S-Space College of Natural Sciences (자연과학대학) Program in Bioinformatics (협동과정-생물정보학전공) Theses (Ph.D. / Sc.D._협동과정-생물정보학전공)
Development of Optimized Bioinformatic Analysis Systems for Next Generation Sequencing Data from Metagenome : 차세대 염기서열 분석 장비로 생성한 메타지놈 데이터 분석을 위한 최적의 생물정보학 시스템 개발
- 자연과학대학 협동과정 생물정보학전공
- Issue Date
- 서울대학교 대학원
- bioinformatics ; next generation sequencing ; metagenome ; amplicon ; shotgun metagenome ; analysis pipeline ; EzEditor ; phylogenetics
- 학위논문 (박사)-- 서울대학교 대학원 : 협동과정 생물정보학전공, 2014. 2. 천종식.
- Metagenome is total DNA directly extracted from environment, and the purpose of metagenomics is to reveal the function of the metagenome as well as the taxonomic structure in the metagenome. There are two analysis approaches for metagenomics, namely amplicon based approach and random shotgun based approach. Both approaches require large scale sequencing reads which could not be satisfied through Sanger sequencing. However, high throughput sequencing of reads at relatively low cost by Next Generation Sequencing (NGS) technologies meets the requirement of metagenomics. In addition, the advent of NGS technologies gave rise to the development of bioinformatic algorithms necessary for processing this large and complex sequencing data. Consequently, the large amount of sequencing data obtained from NGS and corresponding proper bioinformatic algorithms facilitated the metagenomics to become essential tool for microbiology. However, limitations incurred by NGS sequencing errors, short read length, and lack of analysis system still hinder accurate metagenome analysis. Therefore, evaluation of currently used NGS error handling algorithms and development of systematic pipeline with more efficient algorithms are required to improve the accuracy of analysis.
In this study, bioinformatic pipelines were constructed for both metagenome analysis approaches. The pipelines were dedicated to improve the accuracy of the final end result by minimizing the effect of errors and short read length.

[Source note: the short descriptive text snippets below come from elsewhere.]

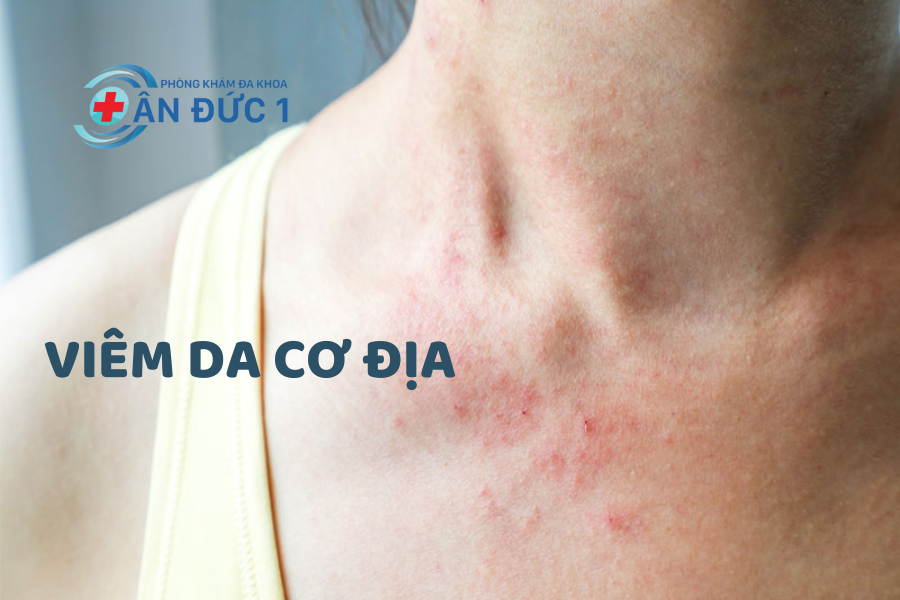 Viêm da cơ địa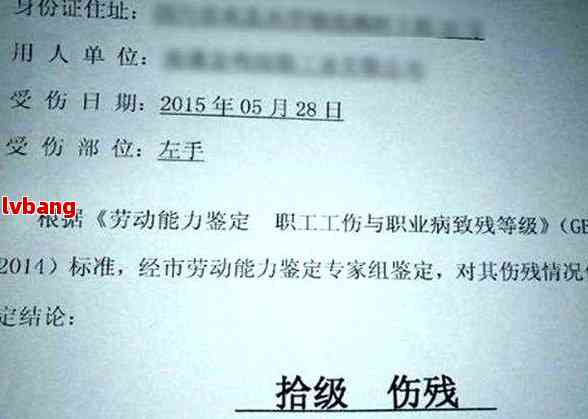 只有病历可以认定工伤吗
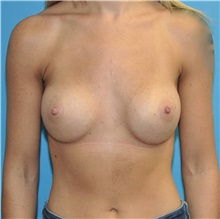 Breast Augmentation After Photo by Joshua Cooper, MD; Seattle, WA - Case 42792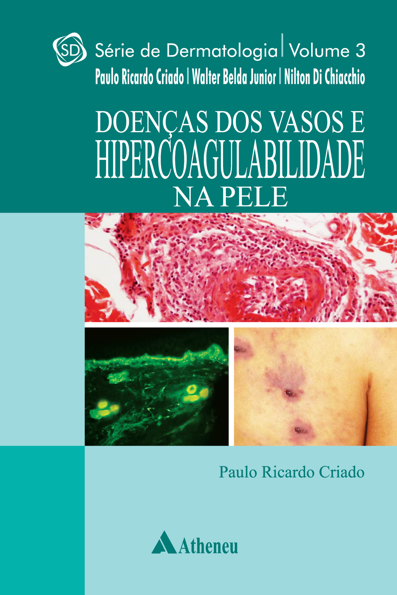 Doenças dos vasos e hipercoagulabilidade na pele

For the amplicon based metagenomics, two different analysis pipelines were developed for both 454 pyrosequencing and Illumina MiSeq. During the construction of 454 pyrosequencing pipeline, new error handling algorithm was developed to treat homo-polymer and PCR errors. Upon completion of the pipeline construction, household microbial community was analyzed using 454 pyrosequencing data as a case study. As for Illumina MiSeq data, the most appropriate sequencing conditions and sequencing target region were settled. Paired end merging programs were evaluated and correlation of the sequencing errors and quality was studied to correct the errors within 3 overlap regions. Novel iterative consensus clustering method was developed to correct the errors occurring ubiquitously in a single read.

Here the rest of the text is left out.